(Collection entries)
* * *

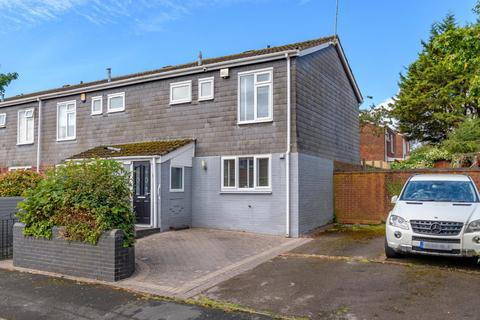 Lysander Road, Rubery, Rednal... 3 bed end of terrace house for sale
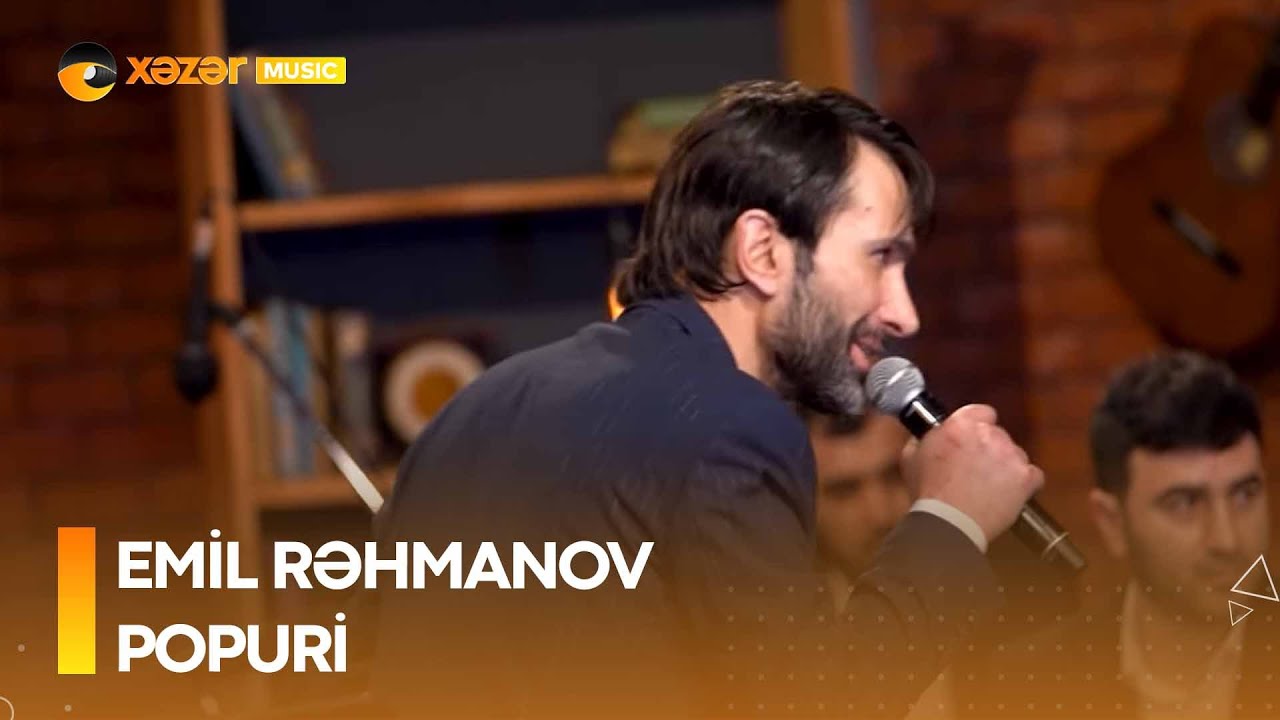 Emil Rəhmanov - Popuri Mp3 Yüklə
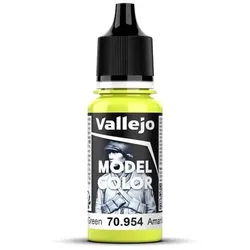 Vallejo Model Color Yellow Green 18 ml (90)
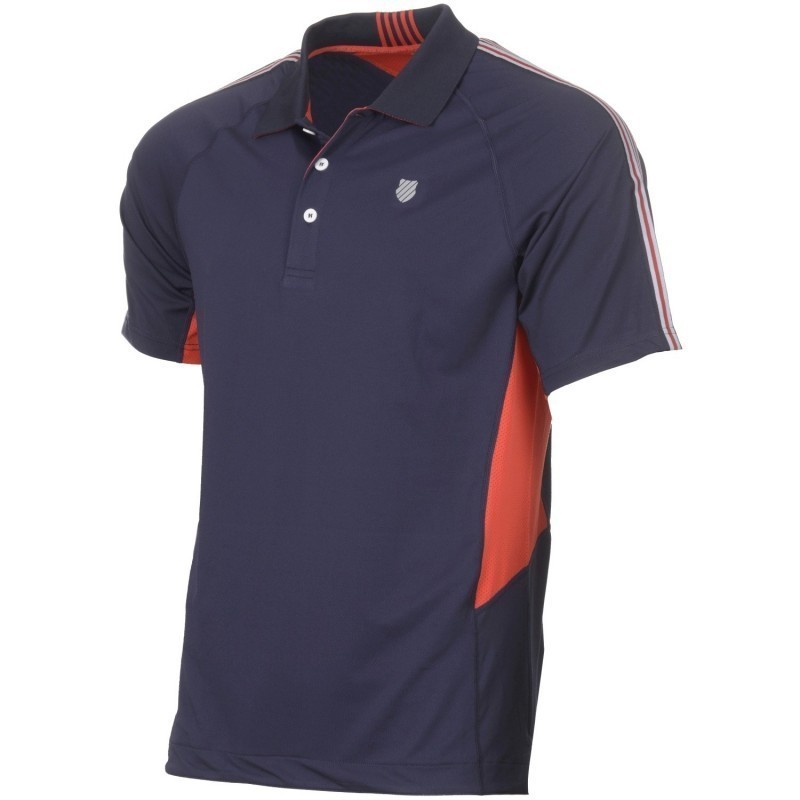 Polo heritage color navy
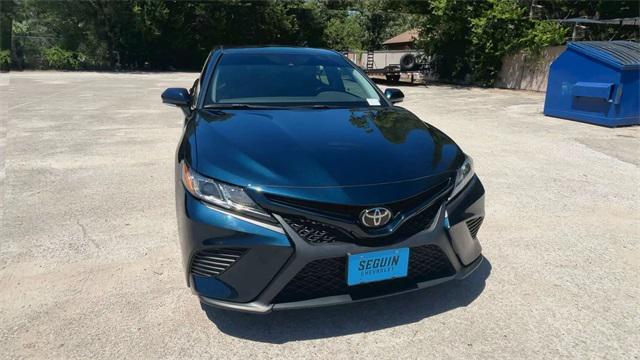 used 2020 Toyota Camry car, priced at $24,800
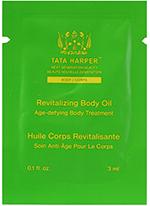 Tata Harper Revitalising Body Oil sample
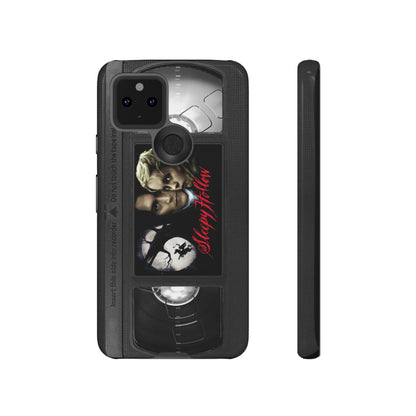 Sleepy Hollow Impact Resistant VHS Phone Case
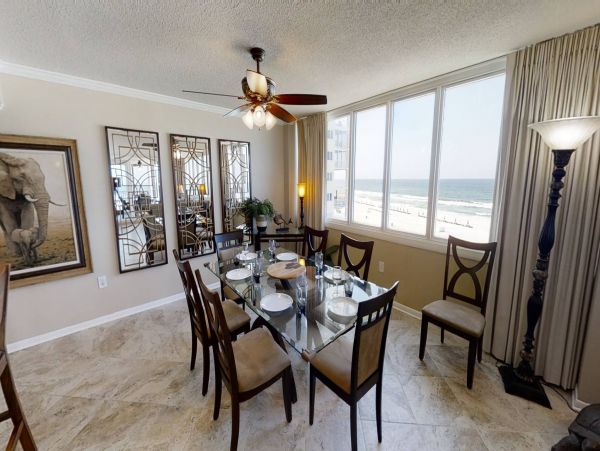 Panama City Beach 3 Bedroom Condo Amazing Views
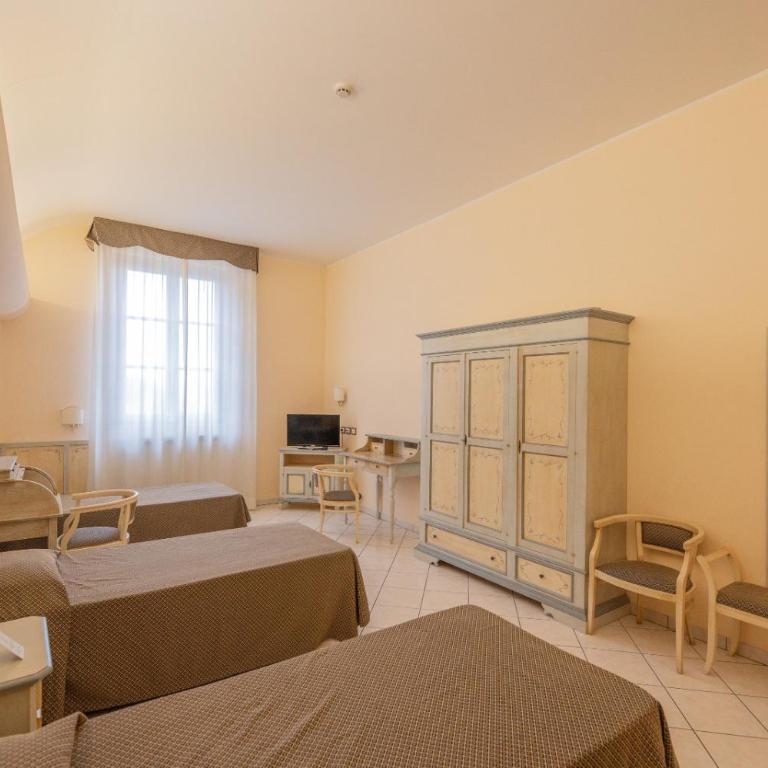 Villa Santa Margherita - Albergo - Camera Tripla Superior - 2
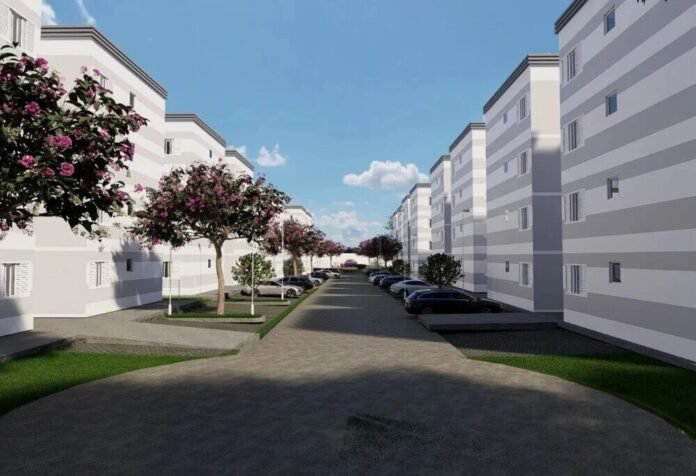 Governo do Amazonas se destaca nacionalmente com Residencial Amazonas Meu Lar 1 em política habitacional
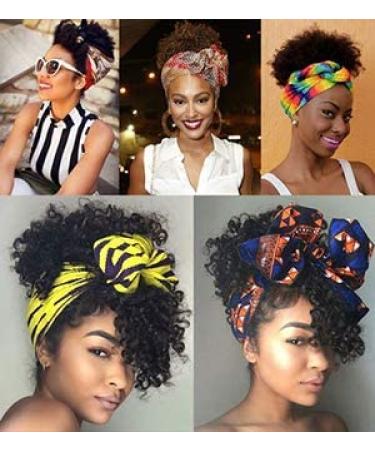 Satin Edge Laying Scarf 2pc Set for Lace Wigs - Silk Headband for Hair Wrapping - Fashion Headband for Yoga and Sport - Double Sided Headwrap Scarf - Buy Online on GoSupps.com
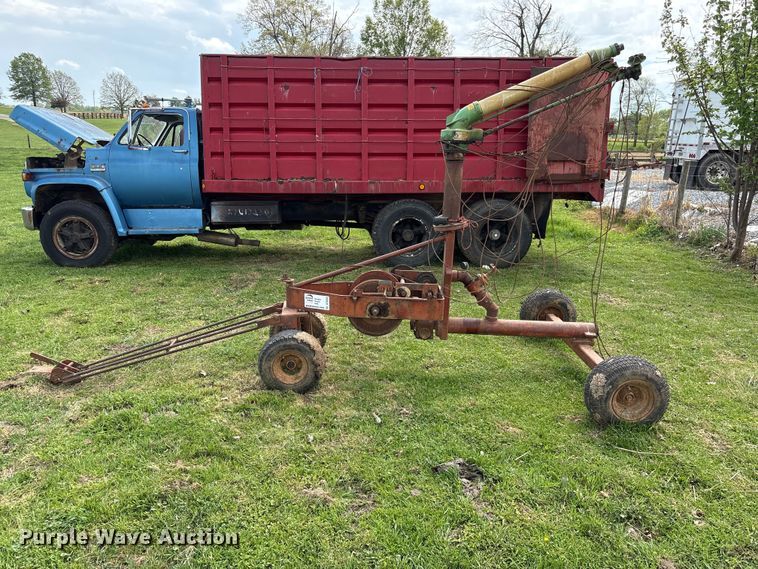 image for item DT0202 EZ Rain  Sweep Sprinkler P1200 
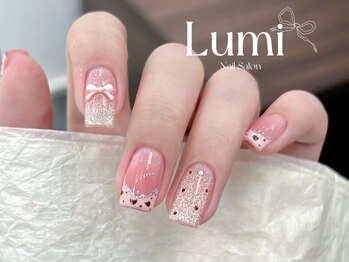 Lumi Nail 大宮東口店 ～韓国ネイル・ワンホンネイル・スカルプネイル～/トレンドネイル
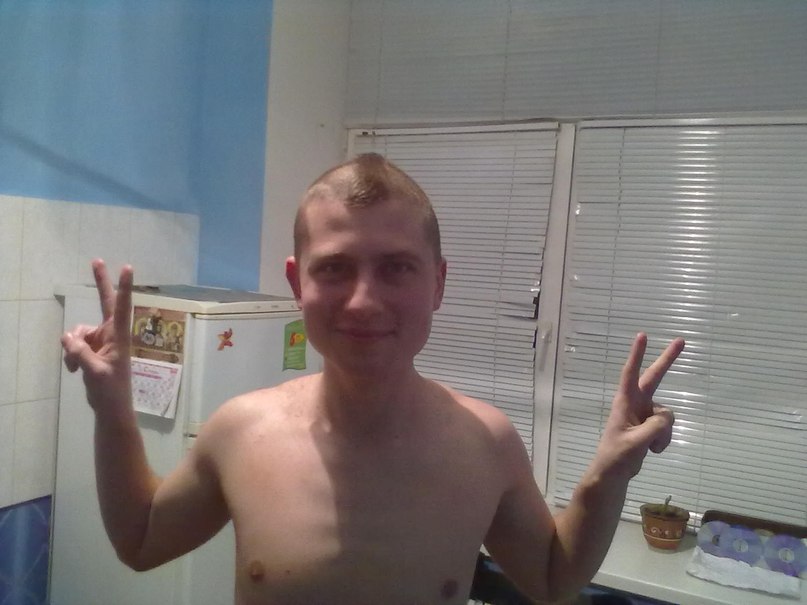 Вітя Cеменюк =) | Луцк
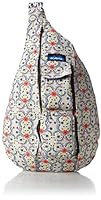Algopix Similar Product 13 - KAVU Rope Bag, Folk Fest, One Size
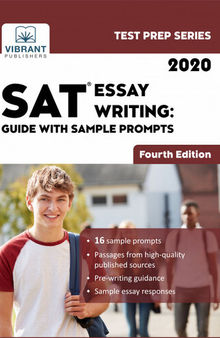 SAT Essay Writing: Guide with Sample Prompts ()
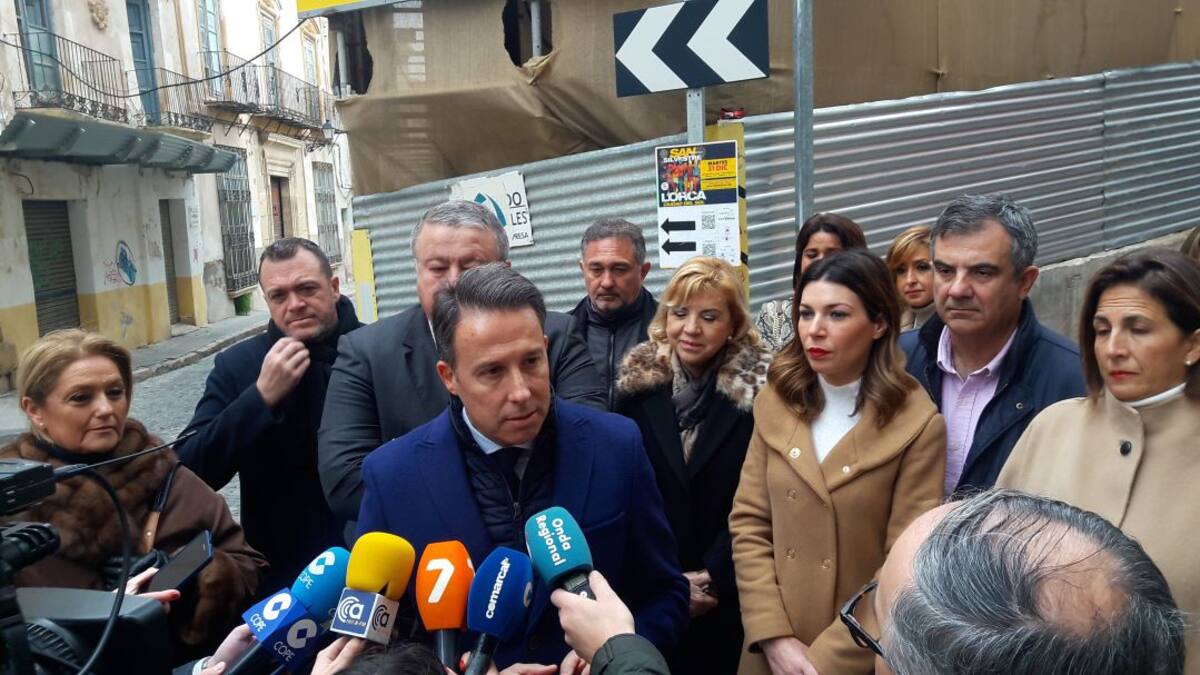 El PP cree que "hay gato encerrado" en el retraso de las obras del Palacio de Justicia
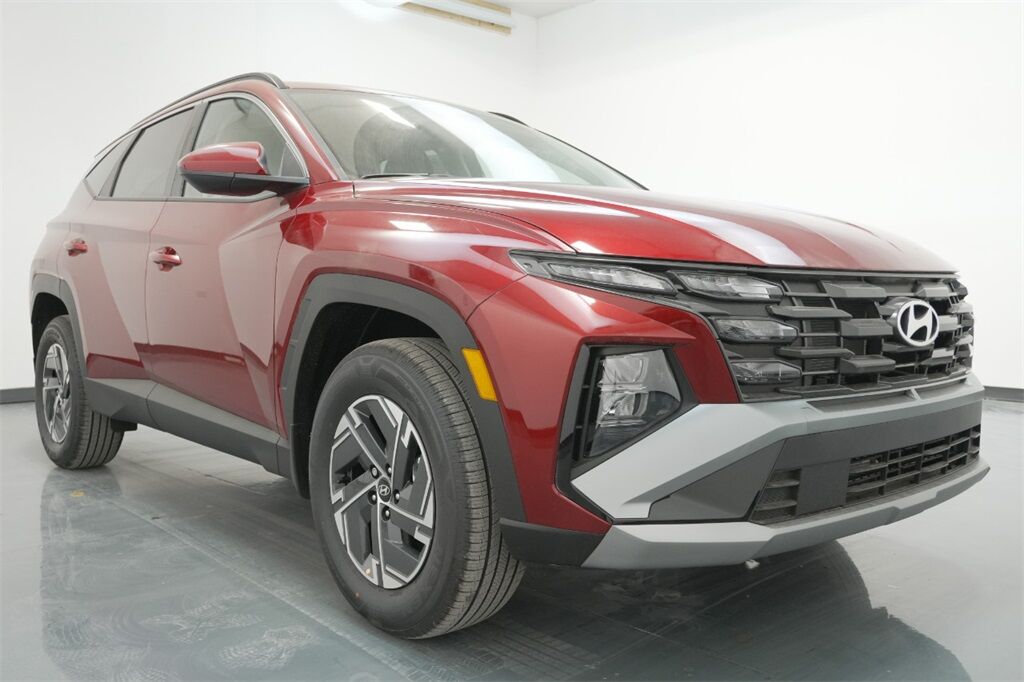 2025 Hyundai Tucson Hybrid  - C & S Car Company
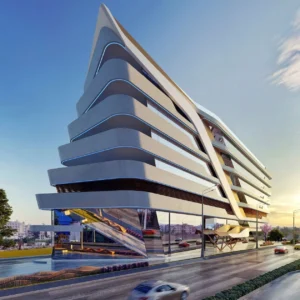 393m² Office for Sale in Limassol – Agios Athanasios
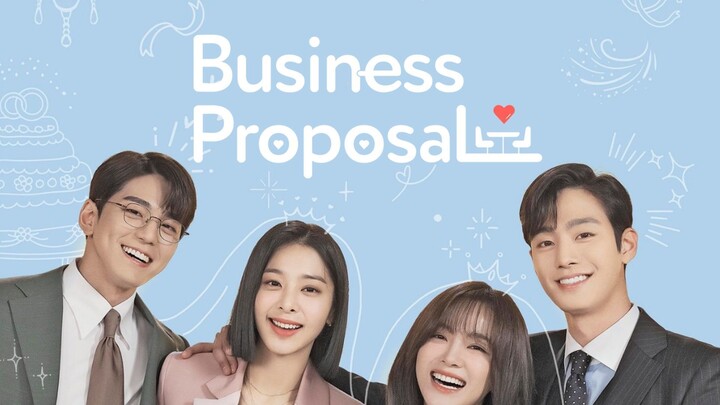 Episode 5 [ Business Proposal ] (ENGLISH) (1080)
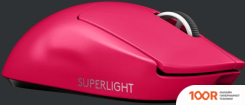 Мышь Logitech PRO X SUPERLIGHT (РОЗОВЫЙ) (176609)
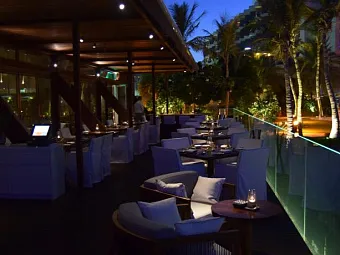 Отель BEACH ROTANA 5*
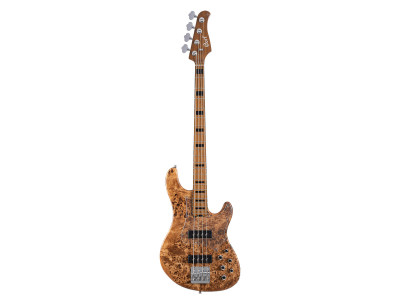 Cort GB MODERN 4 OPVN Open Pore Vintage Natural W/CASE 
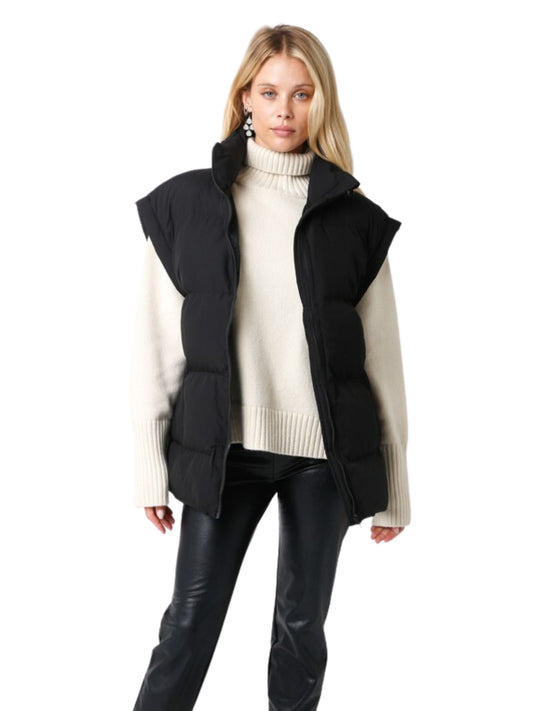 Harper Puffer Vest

* * *

Exercise instructions: Look above for the line with "Governo do Amazonas" and the line with "Satin Edge Laying", then copy them and all lines in between exactly as written, and only those, without any pictures.

Written answer:
 Governo do Amazonas se destaca nacionalmente com Residencial Amazonas Meu Lar 1 em política habitacional
 Satin Edge Laying Scarf 2pc Set for Lace Wigs - Silk Headband for Hair Wrapping - Fashion Headband for Yoga and Sport - Double Sided Headwrap Scarf - Buy Online on GoSupps.com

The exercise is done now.